The Armenian dram has gained more than 50 percent in nominal value against the U.S. dollar since the start of its dramatic rise in late 2003. The process slowed down in the first quarter of this year only to gain new momentum last month. Local manufacturing firms claim to have been hit hard by the dram’s appreciation, criticizing the Armenian authorities for their refusal to intervene in the foreign-exchange market.

The authorities and the Central Bank in particular have dismissed the criticism, arguing that the much stronger dram is the inevitable result of recent years’ surge in hard currency remittances sent home by hundreds of thousands of Armenians living and working abroad. They say the manufacturing sector can successfully adapt to the new reality with productivity gains.

Central Bank officials say the exchange rate fluctuation has also suppressed inflation which has remained in single digits despite the country’s robust economic growth. The World Bank and the International Monetary Fund take a similar view, having repeatedly endorsed monetary policies pursued by the Armenian authorities. A senior IMF economist went farther late last month, saying that the dram’s strengthening has actually spurred economic growth.

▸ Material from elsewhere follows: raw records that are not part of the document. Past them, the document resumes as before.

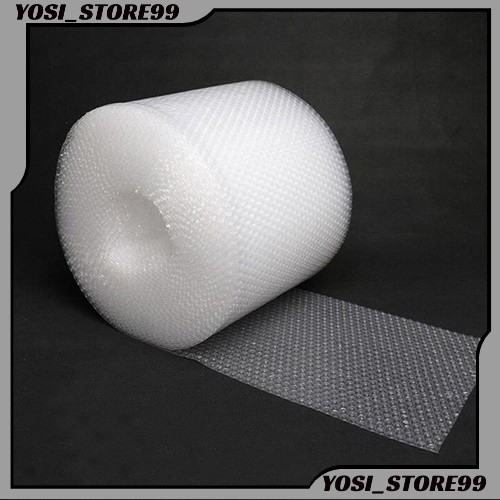 

BUBBLE WRAP EXTRA TAMBAHAN PACKING PENGEMASAN AMAN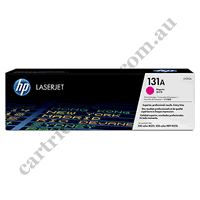 Genuine HP CF213A (131A) Magenta Toner Cartridge
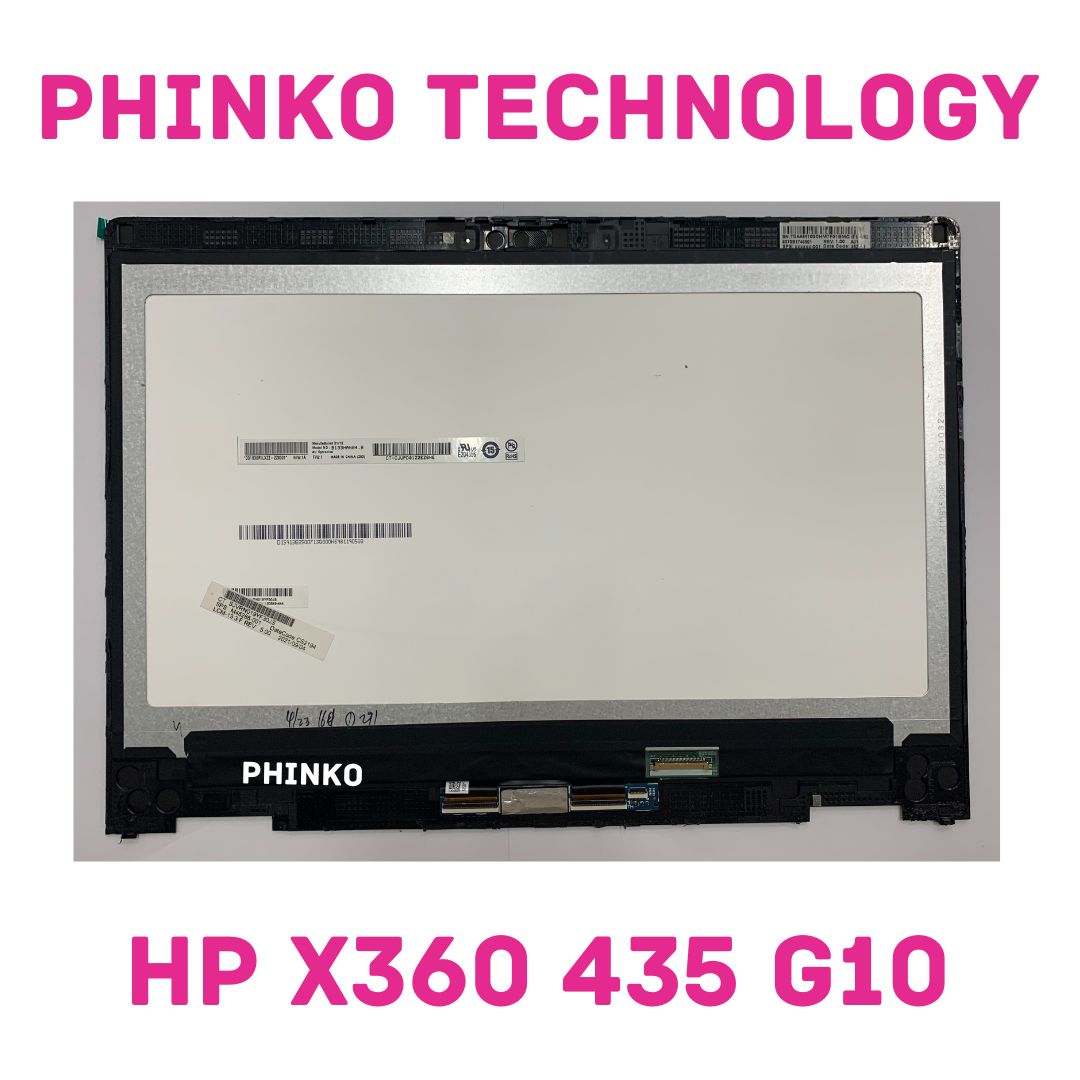 13.3" FHD LCD Screen Display Touch Digitizer Assembly for HP Pro x360 435 G10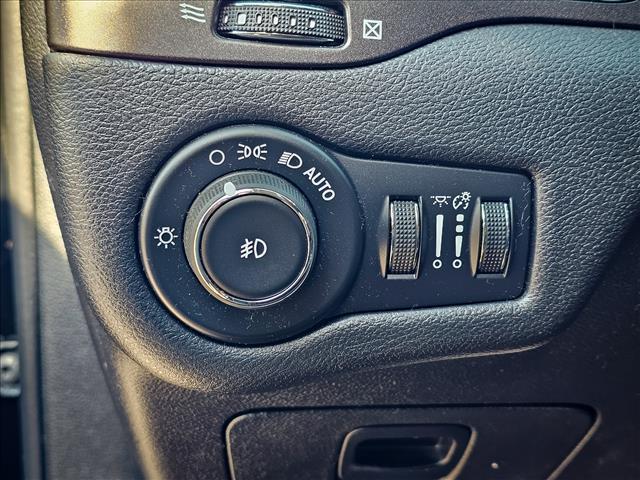 used 2019 Jeep Cherokee car, priced at $17,900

The EBRD, by contrast, seems more worried about the trend. In an annual report issued last month, the London-based lending institution, which is tasked with facilitating former Communist countries’ transition to market-based economics, listed continued currency appreciation among factors which it believes pose “significant risks for the [Armenian] economy in the medium term.” The other factors included Armenia’s “vulnerability to commodity prices,” dependence on low-interest loans and grants from Western donors, and skyrocketing real estate prices.